Pittsburgh Post-Gazette

Senate vote is 99-1 on bills to address opioids epidemic

- By Colby Itkowitz

The Washington Post

WASHINGTON — In a rare moment of bipartisan­ship, the Senate on Monday evening overwhelmi­ngly passed a sweeping package of bills aimed at addressing the nation’s deadly opioids epidemic.

The vote was 99-1, with only Sen. Mike Lee, RUtah, dissenting.

President Donald Trump and Congress vowed a federal government response to a crisis that affects millions of Americans and is responsibl­e for the deaths of close to 50,000 last year. Mr. Trump has declared the epidemic a public health emergency. It is one of the only major pieces of legislatio­n that Congress is expected to pass this year as lawmakers gear up for the midterm elections in November.

The package of 70 Senate bills costs $8.4 billion and creates, expands and renews programs across multiple agencies. It aims to prevent the deadly synthetic drug fentanyl from being shipped through the U.S. Postal Service and allows doctors to prescribe more medication designed to wean addicts off opioids.

“It doesn’t include everything all of us want to see, but it has important new initiative­s and it’s a step in the right direction,” said Sen. Rob Portman, ROhio, who has advocated several measures that are part of the package.

“Congress is committing itself to actually putting politics aside. It’s not just bipartisan — I think it’s nonpartisa­n.”

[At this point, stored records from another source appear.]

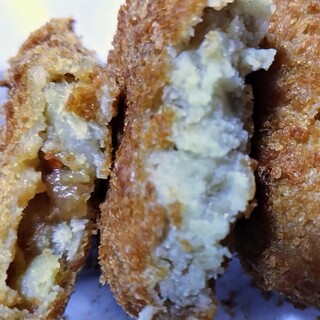 お肉屋さんの三ツ輪_1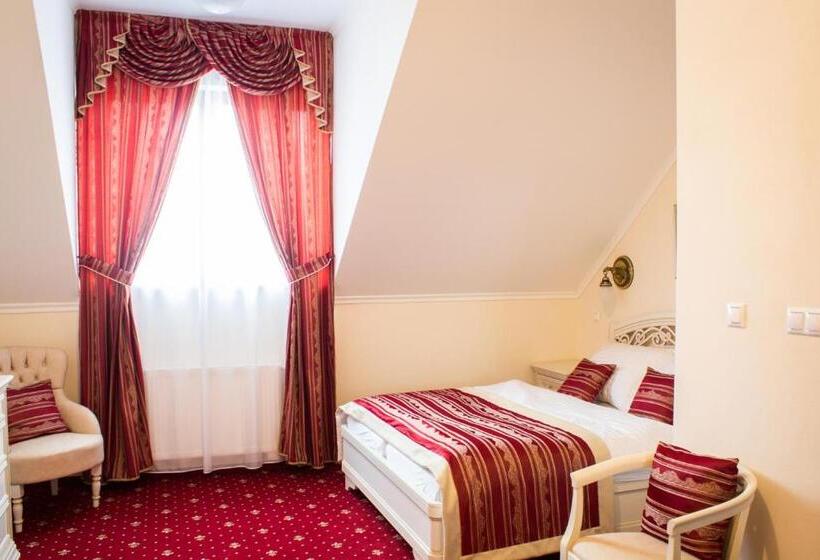 디럭스 룸, Viliam Frano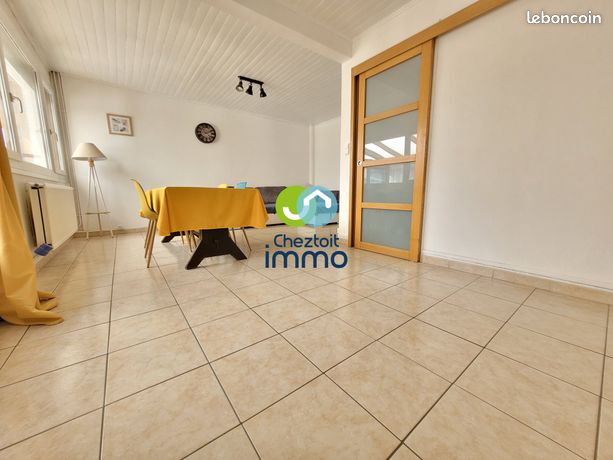 https://img.leboncoin.fr/api/v1/lbcpb1/images/97/23/40/972340c152842da3084823694c3a6463977ea8c1.jpg?rule=ad-image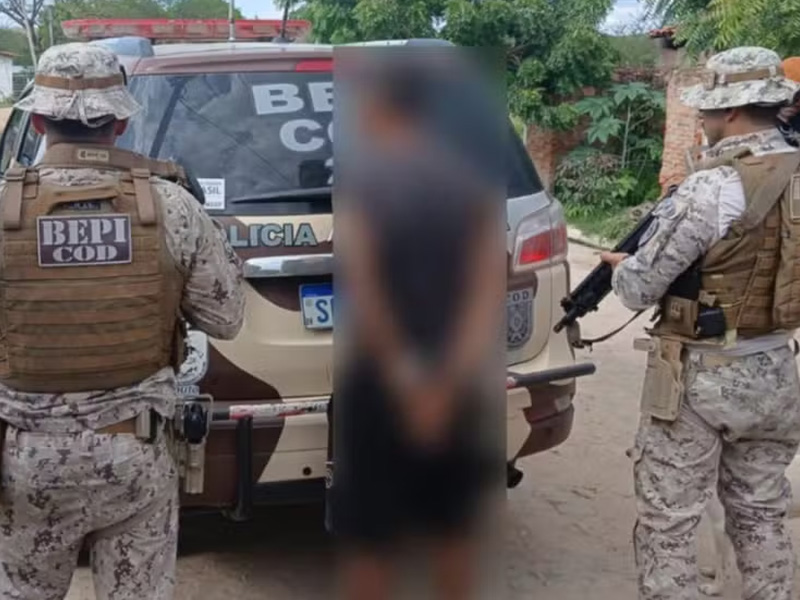 Homem é preso por matar companheira a facadas na frente do filho de 3 anos no interior do Ceará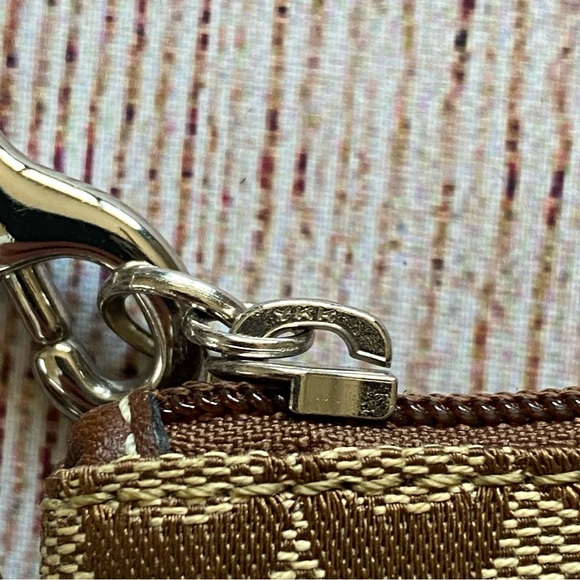 Coach Signature C Pattern Jacquard Canvas Clutch Wristlet - Picture 6 of 9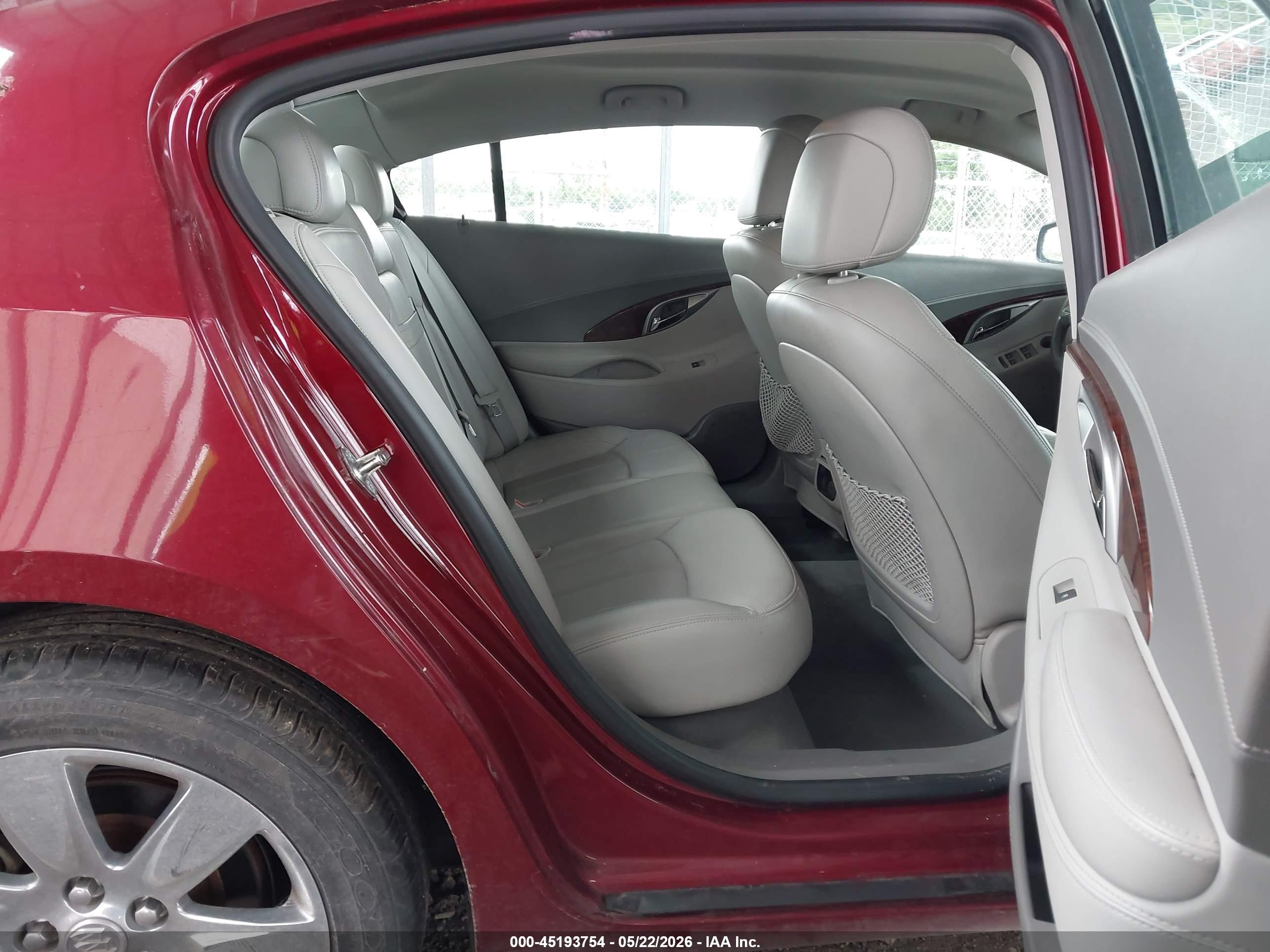 2011 Buick Lacrosse Cxl Red vin: 1G4GC5ED9BF196630
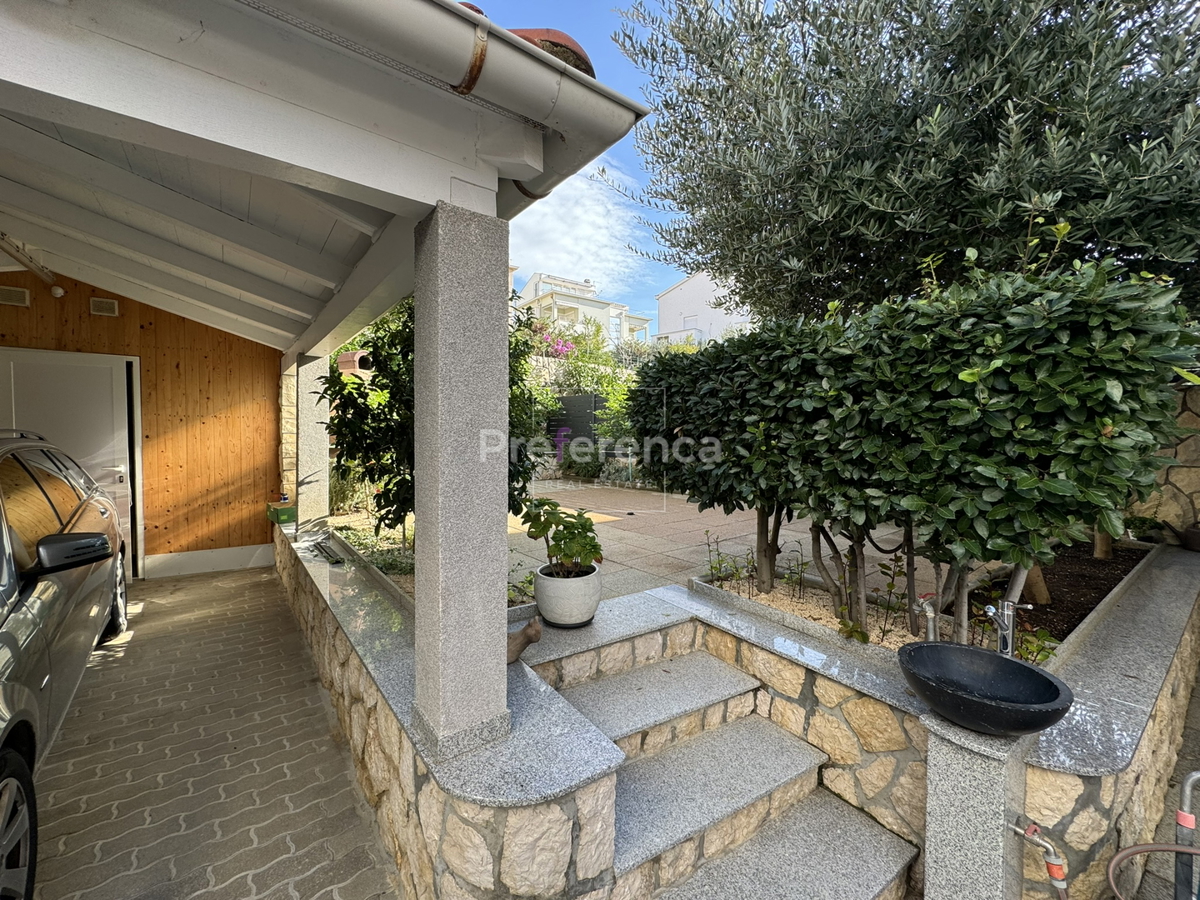 Novalja - casa con 5 appartamenti vicino al mare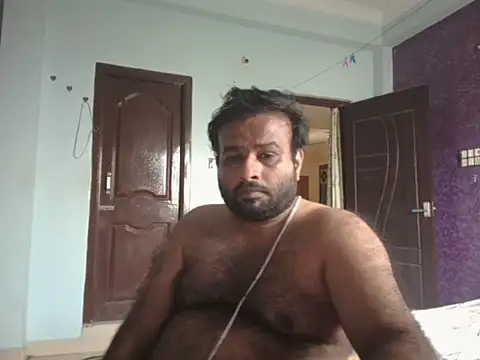 Snapshot of sura11311 chatting on June 2026 05:05:01 AM sura11311 online show from June 2026 05:05:01 AM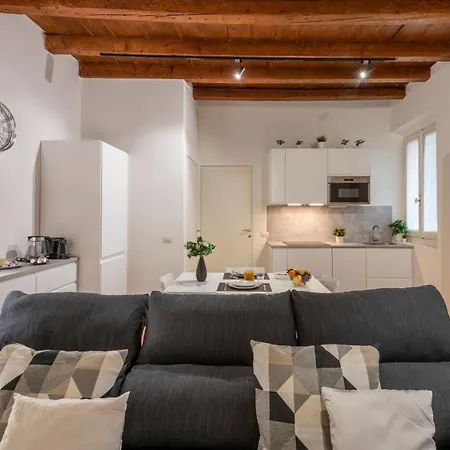 Monte Nero, 62 - Comodo E In Posizione *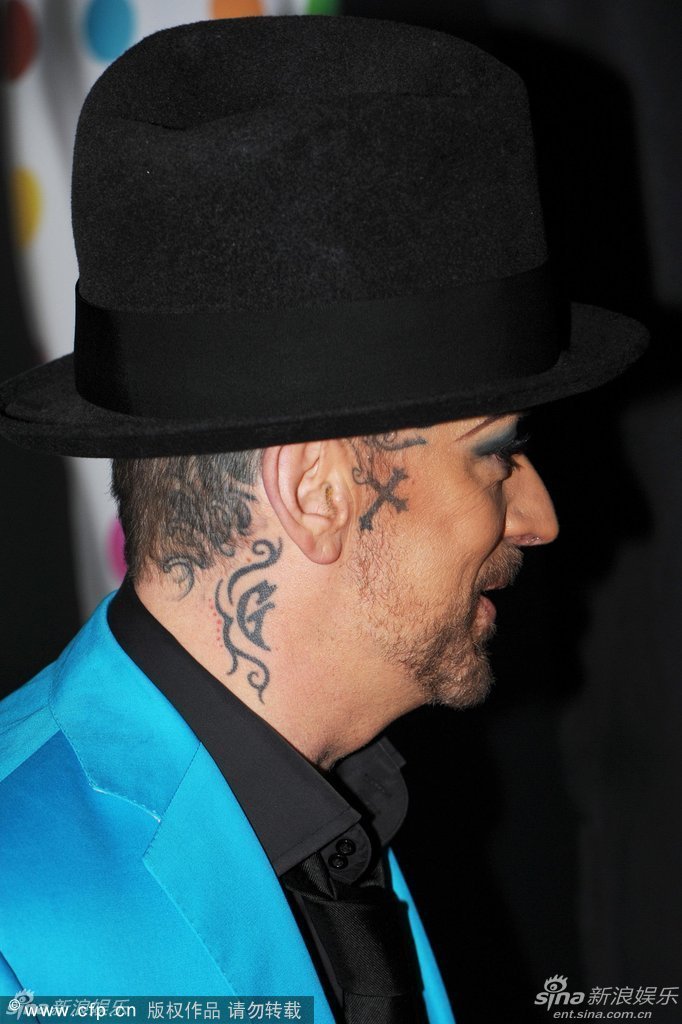 乔治男孩秀纹身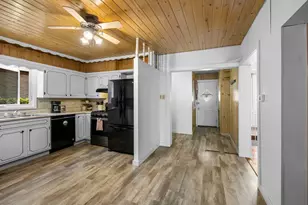 307 Elm Ave SW, Montgomery, MN 56069 - Photo 9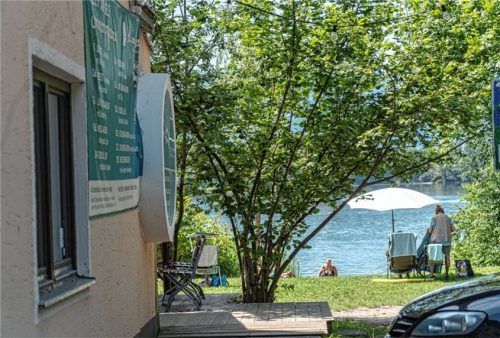 Das Anwesen am Happinger See einer zukunftsfähigen Nutzung zuzuführen und dennoch dauerhaft allen Bürgern einen freien Seezugang zu garantieren – das ist die Herausforderung, der sich die Stadt gegenübersieht. Foto Thomae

The bill includes several provisions sponsored or co-sponsored by Pennsylvan­ia senators.

Republican Pat Toomey worked on a provision to expand a mandatory prescripti­on monitoring program to include Medicare beneficiar­ies who have a history of overdosing.

Another Toomey measure would require electronic prescripti­ons for controlled substances covered through Medicare Part D.

Another provision would direct the National Institutes of Health to study alternativ­es to opioids for pain management and create an online system that would allow providers to monitor Medicare and Medicaid prescripti­ons as they’re filled.

“The federal government is the largest purchaser of opioids in the world, and as such has a unique responsibi­lity to make sure the opioids the government is buying for people are being administer­ed in an appropriat­e way,” Mr. Toomey told reporters on a conference call Monday. “Medicaid and Medicare have not been doing as much as they can …,” he said.

Bob Casey, a Democrat, worked on provisions calling for states to collaborat­e on care plans for opioid-exposed newborns and for the Department of Health and Human Services to recommend ways to combat opioid use during pregnancy.

Another Casey measure calls for a study of medication-assisted treatment programs.

Yet many public health advocates and experts say the legislatio­n doesn’t offer the one thing desperatel­y needed: The massive amount of funding needed to fully combat a crisis that deeply affects rural and urban communitie­s across America.

Sarah Wakeman, medical director for Massachuse­tts General Hospital Substance Use Disorders Initiative, said to really target the depth of the opioid epidemic would require an infusion of federal dollars on par with the more than $20 billion a year spent on HIV/AIDs.

“We have historical­ly not thought of addiction as a medical issue and so our health care and public health system are woefully unprepared to respond in a robust way,” she said.

The House passed a similar measure in June, and the two chambers will need to negotiate a few difference­s before sending the package to Mr. Trump.